Yukari Ishiguro1,3,*, Hitoshi Ishiguro2,3,*, and Hiroshi Miyamoto3

1 Department of Biology and Function in the Head and Neck, Yokohama City University Graduate School of Medicine, Yokohama, Kanagawa, Japan

2 Department of Urology, Yokohama City University Graduate School of Medicine, Yokohama, Kanagawa, Japan

3 Department of Pathology and Laboratory Medicine, University of Rochester Medical Center, Rochester, New York

* Y. I. and H. I. contributed equally to this work.

Correspondence:

Yukari Ishiguro, email:

Keywords: fibrosis, EGFR-TKI, IL-6, cytokine, side-effect

Received: March 15, 2013 Accepted: March 29, 2013 Published: March 31, 2013

Abstract

Acute interstitial pneumonia is one of serious side effects of epidermal growth factor receptor (EGFR)-tyrosine kinase inhibitor (TKI) treatment, while it often has significant clinical benefit in cancer patients.
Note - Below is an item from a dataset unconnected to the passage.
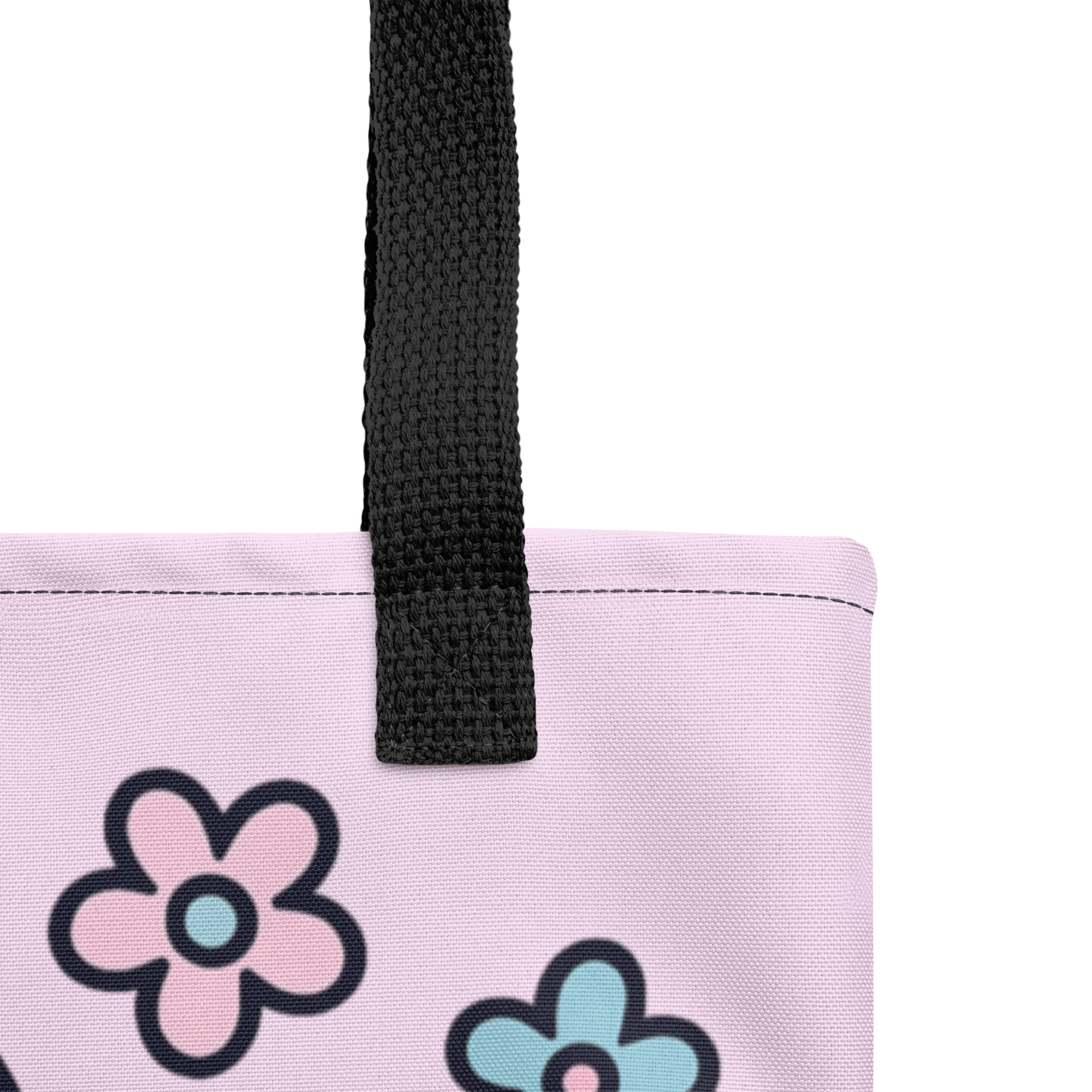 Cute Cosmic Skunk Tote Bag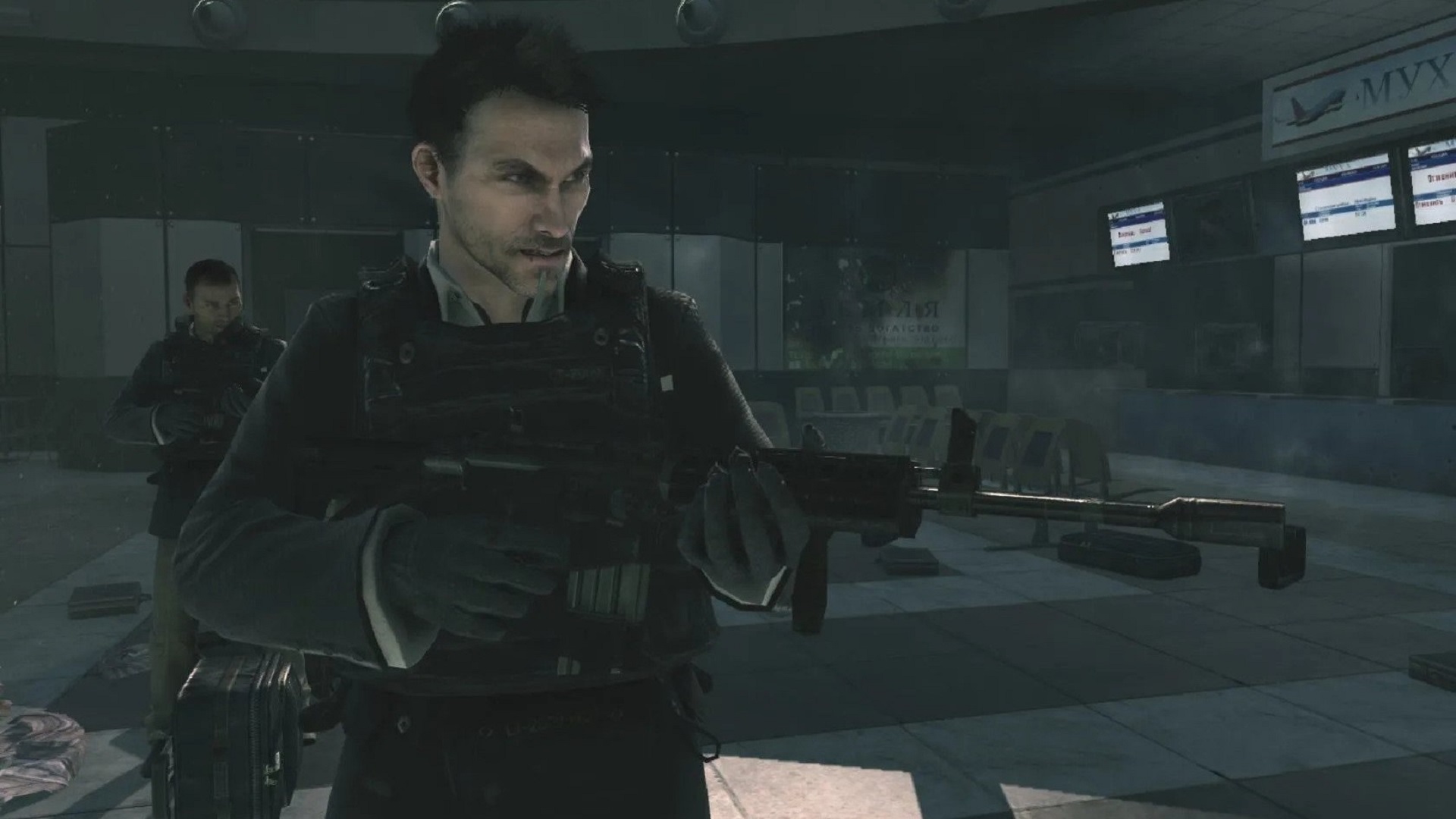 Makarov in Modern Warfare 2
Therefore, it is necessary to clarify underlying mechanisms for the development of the adverse effects by EGFR-TKI. In the present study, we attempted to determine how EGFR-TKI treatment in cancer cells induced interstitial pneumonia. The growth of tongue cancer HSC-3 and lung cancer A549 cell lines treated with EGFR-TKI was assessed by MTT assay. Cytokines and growth factors in conditioned medium obtained from EGFR-TKI-treated cancer cells were analyzed using cytokine membrane array and ELISA. Interleukin-6 (IL-6) promoter activity was measured by luciferase assay. We found that EGFR-TKI treatment significantly decreased the cell viability yet increased expression levels of IL-6 protein and mRNA, IL-6 secretion, and IL-6 transcriptional activity in these lines. In addition, using the co-culture model and IL-6 treatment was found to increase the expression of collagen and α-actin, which were markers for fibrosis, in lung fibroblast cells. These results suggest that up-regulated IL-6 plays an important role in the development of EGFR-TKI-induced interstitial fibroblastic proliferation. Therefore, blocking of IL-6 signaling could be beneficial to cancer patients undergoing EGFR-TKI treatment for reducing the risk of its unfavorable effects.


Introduction

Epidermal growth factor (EGF) is a well-known growth factor that promotes cancer progression. EGF stimulates cancer growth through the EGFR receptor (EGFR) pathway. Most of cancer tissues are shown to overexpress EGFR, and EGF-EGFR axis has been considered a attractive target for cancer treatment. Indeed, EGFR-tyrosine kinase inhibitors (EGFR-TKIs) have been developed and clinically used in patients with malignancy, especially non-small cell lung carcinoma [1,2]. EGFR-TKI effectively blocks the EGFR pathway via suppression of EGFR phosphorylation and can therefore inhibit the growth of cancer cells dramatically. On the other hand, the effect of EGFR-TKI is dependent on mutations of EGFR and KRAS, MET amplification, and the interaction between EGFR and HER-2 and so on [2-6]. More importantly, EGFR-TKI treatment gives rise to severe side effects, including acute interstitial pneumonia [7]. Although some studies have suggested risk factors for side effects [8-12], detailed molecular mechanism for their development remains unknown.

Recently, Kim et al. indicated that EGFR-TKI activated STAT3 in non-small cell lung cancer cells [13]. They also showed that STAT3 activation was caused by interleukin-6 (IL-6) in an autocrine manner. IL-6 is one of inflammatory cytokines and is well known as a cancer progression-related cytokine [14,15]. Because STAT3 is one of the targets for anti-cancer drug resistance [16], most of investigations have been only focused on how IL-6 regulates the drug resistance in EGFR-TKI-treated cancer cells.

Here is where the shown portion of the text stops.